Grokker has been a huge help in its original use case -- getting up to speed quickly on complex topics, documents, and code bases. It's particularly good at translating the unique terminology that tends to exist in specialized papers and code. The large language models backing grokker are optimized for inferring meaning from context; this allows them to expand terms into more general language even in cases where the original author was unable to make that difficult leap.
I've been pleasantly surprised by how much grokker has also helped translate my own ideas into documents and code. I can describe things in my own terms in one or more files, and just as with others' works, the language models do a better job than I can of translating my terminology into more-general human language and executable code.
Another useful technique I've found is to prompt the model to ask me questions about a concept I'm having trouble getting out of my own head into text; I then ask the model to answer its own questions, then I manually edit the answers to reflect what I'm actually thinking. This clears writer's block, reduces my own typing workload by moving me into the role of editor, and helps to more quickly detect and resolve uncertainties. Because grokker will include my edited text as context in future model queries, this provides feedback to the model, causing future answers to converge toward my intent. (See RLHF for one possible way of formalizing this.)
Here's where it appears this project is going as we migrate grokker to PromiseGrid:
- Multi-agent collaboration (with human, AI, and algorithmic agents)

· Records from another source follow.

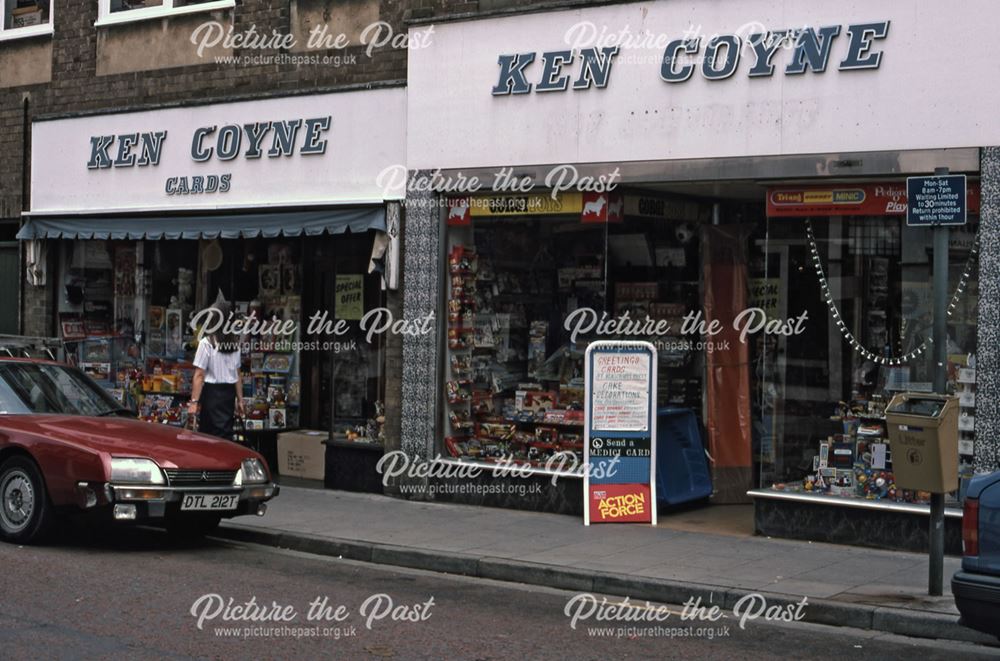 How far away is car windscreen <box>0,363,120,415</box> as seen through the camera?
436 inches

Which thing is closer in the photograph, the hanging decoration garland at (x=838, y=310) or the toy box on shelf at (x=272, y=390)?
the hanging decoration garland at (x=838, y=310)

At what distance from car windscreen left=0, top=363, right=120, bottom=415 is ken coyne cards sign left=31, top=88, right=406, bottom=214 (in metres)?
3.74

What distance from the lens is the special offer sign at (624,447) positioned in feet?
39.4

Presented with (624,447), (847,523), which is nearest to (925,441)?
(847,523)

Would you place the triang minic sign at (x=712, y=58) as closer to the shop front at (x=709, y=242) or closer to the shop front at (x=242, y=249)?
the shop front at (x=709, y=242)

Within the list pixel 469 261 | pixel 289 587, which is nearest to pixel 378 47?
pixel 469 261

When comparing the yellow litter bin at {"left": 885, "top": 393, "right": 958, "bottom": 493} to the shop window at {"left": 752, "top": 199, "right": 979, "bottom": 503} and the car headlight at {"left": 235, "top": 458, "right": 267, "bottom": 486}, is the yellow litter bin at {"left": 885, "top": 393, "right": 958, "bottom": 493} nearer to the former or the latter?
the shop window at {"left": 752, "top": 199, "right": 979, "bottom": 503}

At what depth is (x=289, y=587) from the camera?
9.20m

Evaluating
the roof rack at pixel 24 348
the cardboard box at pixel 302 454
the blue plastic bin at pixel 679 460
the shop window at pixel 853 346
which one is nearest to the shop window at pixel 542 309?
the blue plastic bin at pixel 679 460

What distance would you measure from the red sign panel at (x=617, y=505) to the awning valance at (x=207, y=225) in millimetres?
3922

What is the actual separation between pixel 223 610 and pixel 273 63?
8.54 meters

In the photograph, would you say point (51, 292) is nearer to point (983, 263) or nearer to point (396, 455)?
point (396, 455)

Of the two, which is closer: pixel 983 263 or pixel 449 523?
pixel 983 263

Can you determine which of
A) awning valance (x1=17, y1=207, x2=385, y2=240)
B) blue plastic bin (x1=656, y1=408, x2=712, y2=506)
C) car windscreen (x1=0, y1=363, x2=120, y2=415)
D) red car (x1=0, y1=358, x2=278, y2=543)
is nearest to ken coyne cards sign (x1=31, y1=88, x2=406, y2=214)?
awning valance (x1=17, y1=207, x2=385, y2=240) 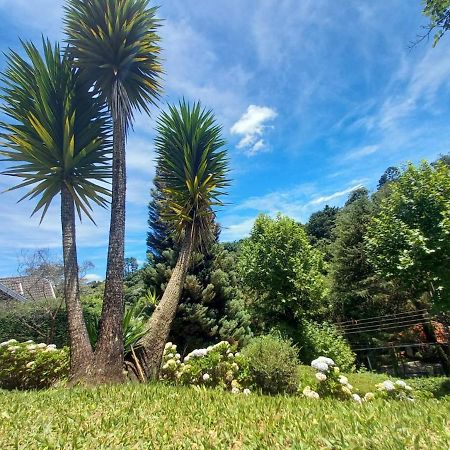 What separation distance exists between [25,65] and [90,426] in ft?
21.4

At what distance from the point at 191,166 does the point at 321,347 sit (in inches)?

- working on this right now
- Decentralized consensus tool
- a useful side-effect of multi-agent collaboration
- Web Assembly (WASM/WASI) execution
- enables easy use and distribution
- Web UI (while keeping CLI)
- enabled by WASM/WASI
- Plugin architecture
- enabled by WASM/WASI
- Decentralized storage
- enabled by WASM/WASI
- Decentralized virtual machine
- enabled by WASM/WASI
- Decentralized vector database
- enabled by decentralized storage/VM
- Decentralized neural nets
- enabled by decentralized computing/storage/VM
- Decentralized LLM/AI
- enabled by all of the above
- Decentralized community consensus and governance
- enabled by all of the above
Grokker uses semantic versioning, with odd-numbered versions representing unstable development versions. See semver.org for more details about semantic versioning itself, and Go's module release workflow for more details about how semantic versioning is used in Go.
A version number is in the form: MAJOR.MINOR.PATCH
- MAJOR version changes when making incompatible API or CLI changes
- MINOR version changes when making API or CLI changes in a backwards
compatible manner
- we're also using this to trigger db version migrations
- PATCH version changes when making backwards compatible bug fixes or minor feature enhancements
Any odd-numbered element indicates an unstable pre-release version that is collecting changes for the next stable release.
Examples:
- 2.2.2 is a stable release version
- 2.3.X is a pre-release version of 2.4.0
- 3.X.X is a pre-release version of 4.0.0
Using OpenAI's API services to analyze documents means that any
document you grok add
, and any question you ask of grokker, will be
broken into chunks and sent to OpenAI's servers twice -- first to
generate context embedding vectors, and again as relevant context when
you run grok q
or grok qi
.
If any of your document's content is sensitive or confidential, you'll want to review OpenAI's policies regarding data usage and retention.
Additionally, some topics are banned by OpenAI's policies, so be sure to review and comply with their guidelines in order to prevent your API access being suspended or revoked.
As always, it's a good idea to review the terms and conditions of any API service you're considering using to ensure that you're comfortable with how your data will be handled.